Now, I am not a fan of July 21 decisions, primarily because they do not address the core issue of the crisis - too much debt in the system and too little growth. EFSF purchasing sovereign bonds and lending to insolvent states is not going to reduce the debt pile accumulated by European Governments. Nor will extending maturity and lowering interest rates on its loans help improve economic situation in PIIGS and beyond. So I would disagree with ESRB on the first bullet point.

Calling for adoption of sustainable fiscal policies and growth enhancing measures is like telling a person sinking in a bog to pull harder on his hair. Fiscal sustainability is not being delivered in any of the PIIGS so far, and there is absolutely no appetite for any Government in Europe to take properly drastic measures required to get their finances on sustainable path. Even the very definition of sustainability used by EU is a mad one (let alone not a single state actually adhered to it so far with exception of Finland). A deficit of 3% pa means that you get to 100% debt/GDP ratio in longer time than with a deficit of 5% pa. But you will still get there, folks. Debt to GDP ratio of 60% is only sustainable if, in the environment of 3% 10-year yields your economy expands by more than 1.8% pa (assuming no population growth and no amortization and depreciation under balanced budget). That has not happened in the euro zone in any single 10 year period since we have full data for its members.

Growth-enhancing measures adoption is another case of pure 'wishful' thinking. In most of the Euro area and indeed in the EU Commission, this usually means more subsidies and more state spending. In parts of Central and Eastern Europe it usually means promoting real private sector competition and investment. Of course, we know who weathered the storm best in the last two recessions. But, hey, ESRB wouldn't make a call as to what it means by this "adopting... growth-enhancing measures" despite the fact that much of "growth enhancements" unleashed on euro area economies in recent past is precisely what got us into the current sovereign debt mess in the first place.

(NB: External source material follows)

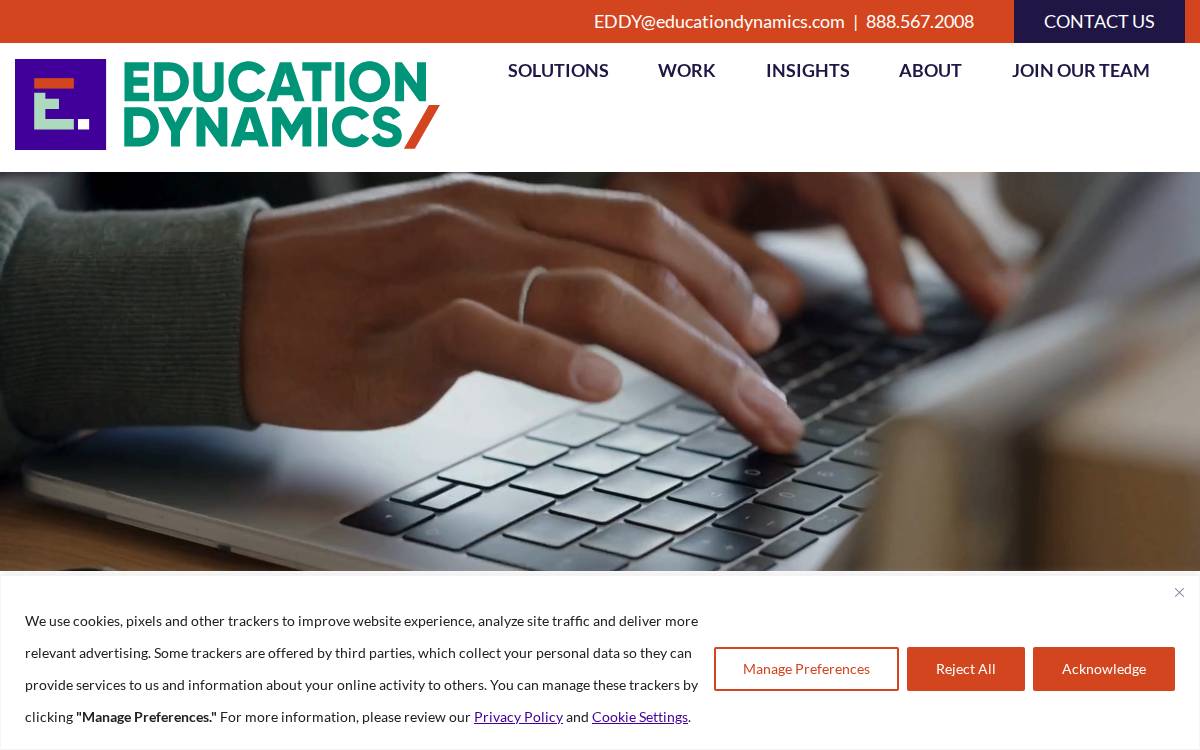 Education Dynamics website preview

As per its last bullet point, one starts to wonder if ESRB is going down the slippery line of 'rhetoric ahead of action'. What does "enhancing the coordination and consistency of communication" mean? All of the EU policymakers 'speaking with one voice'? Curtailing or otherwise minimizing dissent? Controlling information flows? What the hell, pardon my French here, does it really mean, folks?

On a beefy ending, ESRB prescribes that: "Supervisors should coordinate efforts to strengthen bank capital, including having recourse to backstop facilities, taking also into account the need for transparent and consistent valuation of sovereign exposures. If necessary, this could benefit from the possibility for the European Financial Stability Facility to lend to governments in order to recapitalise banks, including in non-programme countries."

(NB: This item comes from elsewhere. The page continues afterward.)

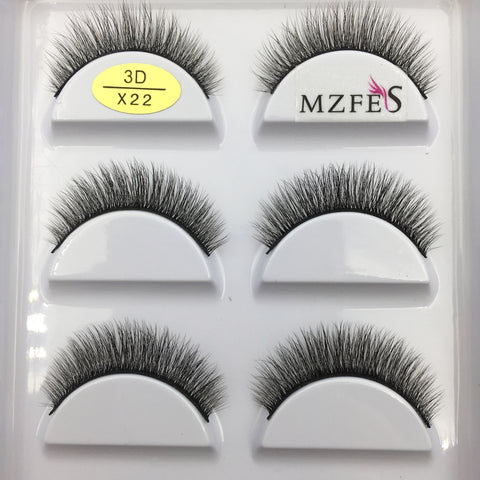 New Natural 3D Mink False Eyelashes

I am sorry to say this, but if anyone reading this is going to vote in the Dail on the European Financial Stability Facility and Euro Area Loan Facility (Amendment) Bill 2011 you really have to understand this statement. In effect, ESRB here welcomes loading of the risks of insolvent banking systems - including in non-programme countries - into one single facility, the EFSF, which will have preventative powers to intervene in the markets to buy distressed debts of banks and sovereigns. In a sense, EFSF will become a super-dump - a motherload of super toxic financial refuse from both radioactively insolvent sovereigns and biochemically toxic banks. You wouldn't want THIS anywhere near your local constituency.